Fleury's .798 save percentage is the lowest by a goalie with at least three playoff games in 16 years. His goals-against average of 6.34 is one of the highest in playoff history. But he's not alone in the poor play department. Evgeni Malkin, the NHL scoring champion, has yet to score a goal and has just one even-strength point. Sidney Crosby, the team captain and face of the franchise, has allowed himself to get distracted by skirmishes and retaliatory byplay.
And the Penguins as a team made enough mistakes to last three rounds of the playoffs, much less three games. They have blown leads in every game, they've allowed the Flyers to score on six of their 10 power-play chances, they've given up three shorthanded goals -- the list just goes on.
Still, Fleury can't help but feel personally responsible, believing that if he could have made the save on several of the soft goals he permitted, the series might be different.
"It's frustrating because in the playoffs you want to do well, win those games," Fleury said. "It's tough. We have to put everything together, make sure we're ready for [Wednesday]."
That's why Bylsma made certain to talk one-on-one with his goalie, to make sure he's ready to go for what most definitely is a must-win game.
"I think if you go throughout our room, you are going to have every player feel like they're responsible and haven't been at their best," Bylsma said. "Whether it's situational, making a mistake that's caused a goal or a game or whether it was overall play, I don't think you are going to find one person that thinks otherwise. That's everybody included."
But if the Penguins are to start a comeback -- and only three teams have rallied from a 3-0 series deficit to win -- the coach understands it must start with the goalie.
In 2009, Fleury was at his worst during a 5-0 loss in Detroit in Game 5 of the Stanley Cup Final, which put the Penguins down 3-2 in the series. But Fleury responded to play two exceptional games in a row, allowing just one goal in each game, and the Penguins rallied to win Games 6 and 7. So he has proven he can go from very bad to very good in the span of one playoff game.
"If we are going to scratch back in this series and get back in this thing and start with a win in Philly on Wednesday, it's going to be on the strength of Marc-Andre Fleury in our net," Bylsma said. "There's 18 guys in front of him that really, as a group, haven't been there, to a man, for him."
Penguins backup goalie Brent Johnson wouldn't discuss Fleury's situation in specifics, but he said goalies often try to simply the game when they're struggling.
"I think at times a goalie can feel a little bit of weakness, like you're trying to do your best and it's not working," Johnson said. "You're trying to work out the kinks and it still doesn't work. … [So] the best thing to do would be getting back to playing simple. If things aren't working, try blocking the puck instead of trying to make the big save.
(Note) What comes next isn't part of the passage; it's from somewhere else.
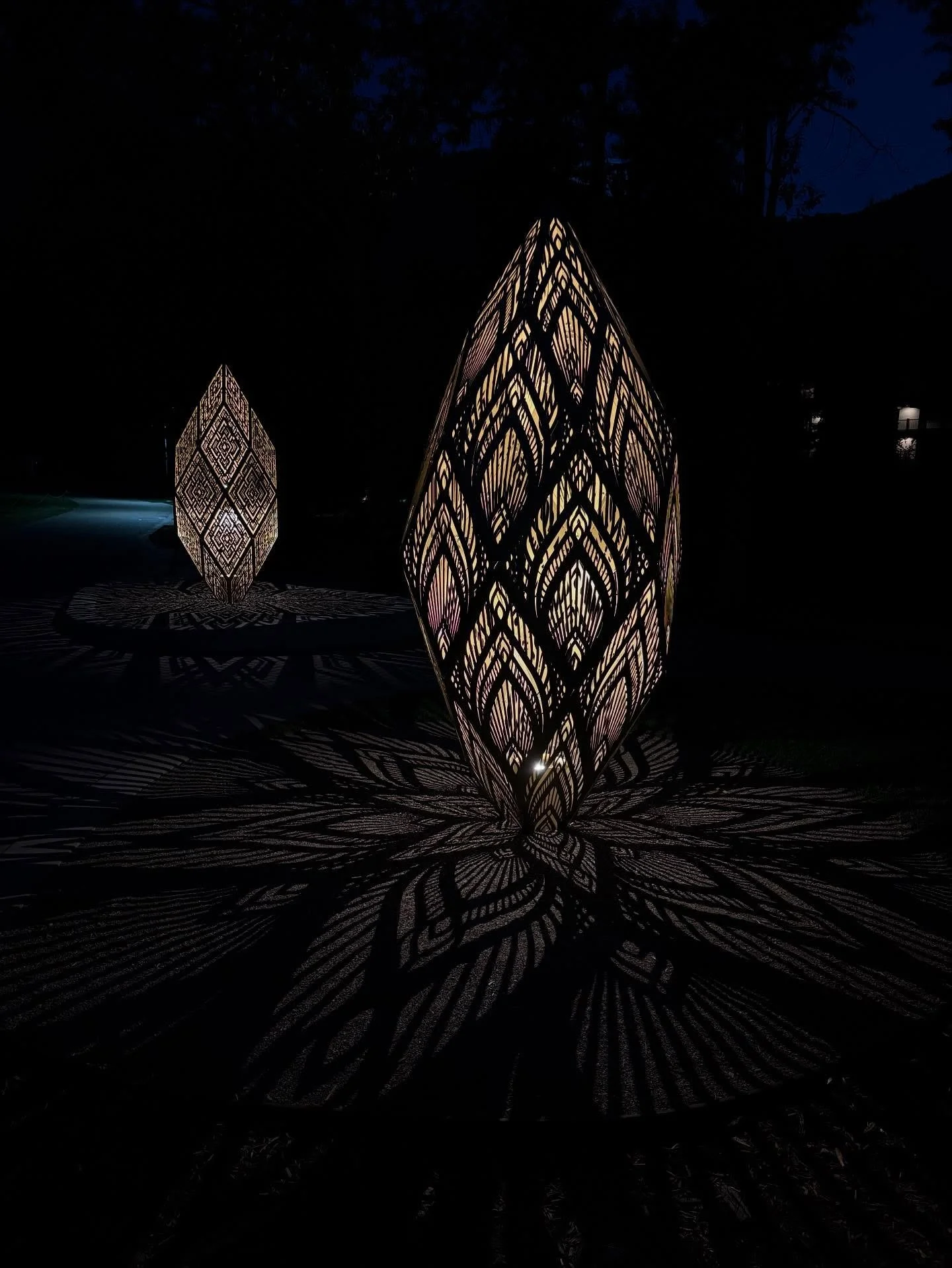 Public art. Sculpture. Ford Park. Vail, Colorado.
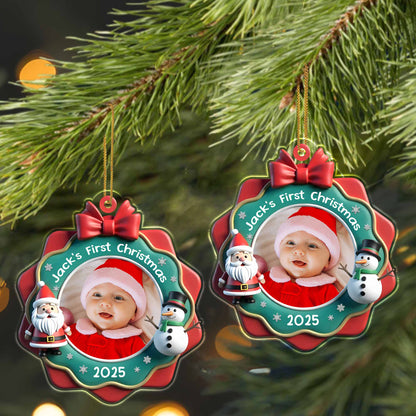 Jack's First Christmas With Santa And Snowman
Just play basic and inside your goal line so you give yourself a chance on everything."
If a goalie does that, it's Johnson's belief that he can solve what often is the most difficult-to-solve aspect of any slump -- the game that goes on inside his head.
"Head games can do so much to your game," Johnson said. "As a goalie, you've come this far, you're in the best league, obviously you're there for a reason. Just get back to the grass roots that got you there, the easy stuff, [don't worry about] trying to do too much out there."
That advice might be fitting for the goalie on a team that is doing so much less than expected.
"I know Marc-Andre Fleury is going to be the guy in our net in the next four games," Bylsma said.